(Record extracts)

══════

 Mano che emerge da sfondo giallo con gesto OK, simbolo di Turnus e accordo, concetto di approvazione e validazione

══════

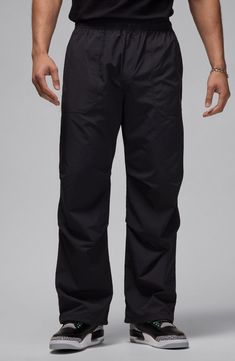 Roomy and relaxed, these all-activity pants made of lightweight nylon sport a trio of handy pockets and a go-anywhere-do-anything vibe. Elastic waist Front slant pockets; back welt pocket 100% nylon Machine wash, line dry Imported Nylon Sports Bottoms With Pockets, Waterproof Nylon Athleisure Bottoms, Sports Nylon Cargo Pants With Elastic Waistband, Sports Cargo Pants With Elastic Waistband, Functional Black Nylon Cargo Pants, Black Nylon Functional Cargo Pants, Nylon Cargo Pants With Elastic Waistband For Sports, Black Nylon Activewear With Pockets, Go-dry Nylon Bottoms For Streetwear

══════

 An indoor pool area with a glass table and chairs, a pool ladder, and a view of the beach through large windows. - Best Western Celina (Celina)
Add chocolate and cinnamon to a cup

══════

(Exercise aim) Starting at the line above that contains "An indoor pool", repeat each line exactly up to and including the line that contains "Add chocolate and cinnamon to a cup", and stop there.

(Result for this exercise)
 An indoor pool area with a glass table and chairs, a pool ladder, and a view of the beach through large windows. - Best Western Celina (Celina)
Add chocolate and cinnamon to a cup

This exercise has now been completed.